What is the best way to keep this file updated in a fast way. Ideally I would like to read changes from a Kafka queue and write to the file. But it seems like I would have to open the whole file, read the whole file, find the line I want to change, and write the whole file for every change. Is there a better way to do that? That approach seems like it would be difficult/slow if the file is several million lines long.

Also, once I come up with a way to update the file quickly, what is the best way to distribute the file to all the different solrcloud nodes in the correct directory?

Re: External file fields

Posted by Charlie Hull <ch...@flax.co.uk>.
On 01/02/2018 18:55, Brian Yee wrote:
> Hello,
> 
> I want to use external file field to store frequently changing inventory and price data. I got a proof of concept working with a mock text file and this will suit my needs.
> 
> What is the best way to keep this file updated in a fast way. Ideally I would like to read changes from a Kafka queue and write to the file. But it seems like I would have to open the whole file, read the whole file, find the line I want to change, and write the whole file for every change. Is there a better way to do that? That approach seems like it would be difficult/slow if the file is several million lines long.
> 
> Also, once I come up with a way to update the file quickly, what is the best way to distribute the file to all the different solrcloud nodes in the correct directory?
> 
Another approach would be the XJoin plugin we wrote - if you wait a few 
days we should have an updated patch for Solr v6.5 and possibly v7. 
XJoin lets you filter/join/rank Solr results using an external data source.

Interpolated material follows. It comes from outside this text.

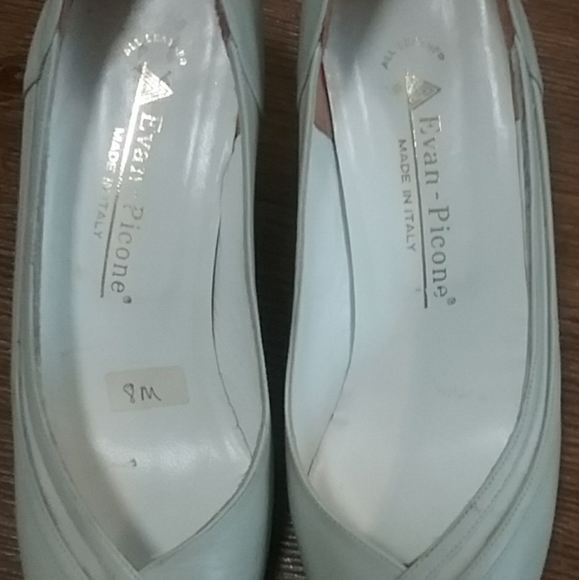 Evan Picone lite gray peep toe heels size 8 - Picture 9 of 15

http://www.flax.co.uk/blog/2016/01/25/xjoin-solr-part-1-filtering-using-price-discount-data/
http://www.flax.co.uk/blog/2016/01/29/xjoin-solr-part-2-click-example/


Cheers

Charlie


-- 
Charlie Hull
Flax - Open Source Enterprise Search

tel/fax: +44 (0)8700 118334
mobile:  +44 (0)7767 825828
web: www.flax.co.uk

Re: External file fields

Posted by Emir Arnautović <em...@sematext.com>.
Hi Brian,
You should be able to sort on field with only sorted values.

Regards,
Emir
--
Monitoring - Log Management - Alerting - Anomaly Detection
Solr & Elasticsearch Consulting Support Training - http://sematext.com/



> On 2 Feb 2018, at 16:53, Brian Yee <by...@wayfair.com> wrote:
> 
> Hello Erick,
> 
> I did look into updatable docValues, but my understanding is that the field has to be non-indexed (indexed="false"). I need to be able to sort on these values. External field fields are sortable.
> https://lucene.apache.org/solr/guide/6_6/updating-parts-of-documents.html#UpdatingPartsofDocuments-In-PlaceUpdates
> 
> 
> -----Original Message-----
> From: Erick Erickson [mailto:erickerickson@gmail.com] 
> Sent: Thursday, February 1, 2018 5:00 PM
> To: solr-user <so...@lucene.apache.org>
> Subject: Re: External file fields
> 
> Have you considered updateable docValues?
> 
> Best,
> Erick
> 
> On Thu, Feb 1, 2018 at 10:55 AM, Brian Yee <by...@wayfair.com> wrote:
>> Hello,
>> 
>> I want to use external file field to store frequently changing inventory and price data. I got a proof of concept working with a mock text file and this will suit my needs.
>> 
>> What is the best way to keep this file updated in a fast way. Ideally I would like to read changes from a Kafka queue and write to the file. But it seems like I would have to open the whole file, read the whole file, find the line I want to change, and write the whole file for every change. Is there a better way to do that? That approach seems like it would be difficult/slow if the file is several million lines long.
>> 
>> Also, once I come up with a way to update the file quickly, what is the best way to distribute the file to all the different solrcloud nodes in the correct directory?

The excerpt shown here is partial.